Henson reichte die Klage vor einem US-Bezirksgericht ein. Er behauptet, der alleinige Eigentümer des Tanzes zu sein. Im Jahr 1999 unterschrieb er keine Verträge zur Auftragsarbeit. Deshalb gehören ihm die Rechte an der Choreografie bis heute. Sony hat den Tanz jedoch ohne seine Erlaubnis lizenziert. Das betrifft den Film Deadpool & Wolverine sowie das Spiel Fortnite.
Der Film löste im Jahr 2024 einen riesigen Hype aus. Sony verdiente dadurch viel Geld mit Lizenzen an Dritte. Henson wusste jedoch nichts von diesen Geschäften. Er kritisiert außerdem die Bezeichnung als „Deadpool-Tanz“. Dies löscht seine Rolle als ursprünglicher Schöpfer aus. Zudem sinkt dadurch der kommerzielle Wert seiner Arbeit.

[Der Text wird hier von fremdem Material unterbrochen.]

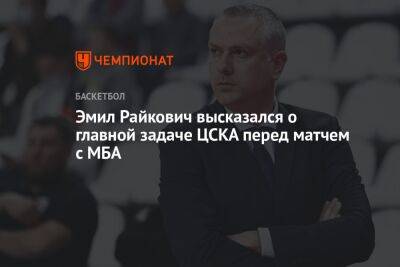 Эмил Райкович высказался о главной задаче ЦСКА перед матчем с МБА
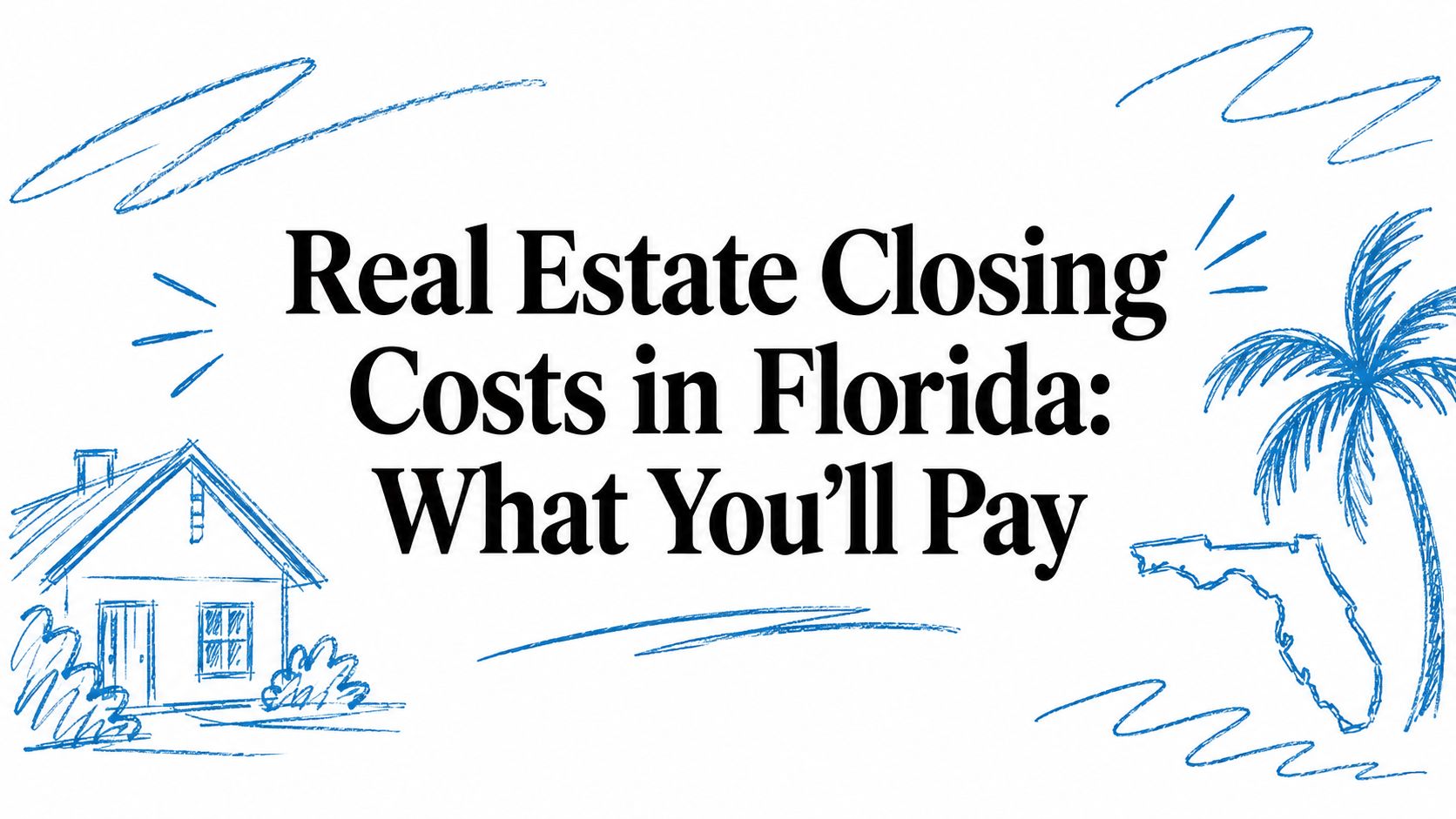 Real Estate Closing Costs in Florida: What You’ll Pay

Henson verklagt Epic Games bisher nicht direkt. Dennoch nennt die Klage Fortnite als Ort der unberechtigten Nutzung. Er fordert nun eine Beteiligung an den hohen Einnahmen. Die Sorgen der Fans sind absolut begründet. Das Bye Bye Bye Emote war bisher nur kurz im Shop. Es erschien am 24. September 2024 zum ersten Mal.
Nach nur fünf Tagen verschwand das Item wieder. Seitdem sahen Spieler das Emote nicht mehr im Spiel. Ein früheres Urteil stärkt zudem die Position der Choreografen. Gerichte nehmen Urheberrechte an Tänzen heute viel ernster. Falls Henson gewinnt, verliert der Vertrag mit Sony seine Gültigkeit. Dann darf Epic Games das Emote eventuell nie mehr verkaufen.

Werde ich meinen Bye Bye Bye Emote in Fortnite behalten?
Ihr könnt erst einmal beruhigt aufatmen. Epic Games lässt gekaufte Gegenstände meistens in eurem Spind. Das war auch bei anderen Rechtsstreitigkeiten der Fall. Euer Bye Bye Bye Emote wird dadurch wahrscheinlich sehr selten. Nur ein sehr strenges Urteil könnte zur Löschung führen. Das passiert in der Praxis jedoch fast nie.